Details of the simulation
I built a predictive model calculating potential outcomes at various annual DQ rates to help inform the choice. The model simulates random market movements at each DQ rate over one-hundred years.
Assumptions
Investment values can swing wildly with the stock market. Over the one-hundred and twenty-three years of Dow Jones and S&P indices, annual swings have varied between a high of 86% up and a low of 40% down. A composite of these two indices with dividends re-invested averaged an upward move of 12% over the entire period even when the market went down in thirty of those one-hundred and twenty-three years.
To reflect that often stocks go up and down in large swings together, I have used a rolling five-year average to smooth the swings.
Fixed income investments, typically bonds, form about forty percent of typical foundations assets. Bonds provide less return but more stability. I found that over the one-hundred- and twenty-three-year period that annual returns from bonds were about seventy percent that of stock returns.

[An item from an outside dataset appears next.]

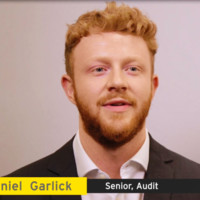 Ipsum Employee Daniel Garlick's profile photo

In this study, I set inflation two percent. An added 1.7% of costs are included for wealth management and internal administration. Thus, these values are in today's dollars as of the beginning of the simulation.
The actual return rate used was a blend of 60% five-year average of stocks, plus 40% of the bond returns less 2% inflation and 1.7% administration costs. From this total, the DQ of interest was subtracted to get the net gain or loss for the year.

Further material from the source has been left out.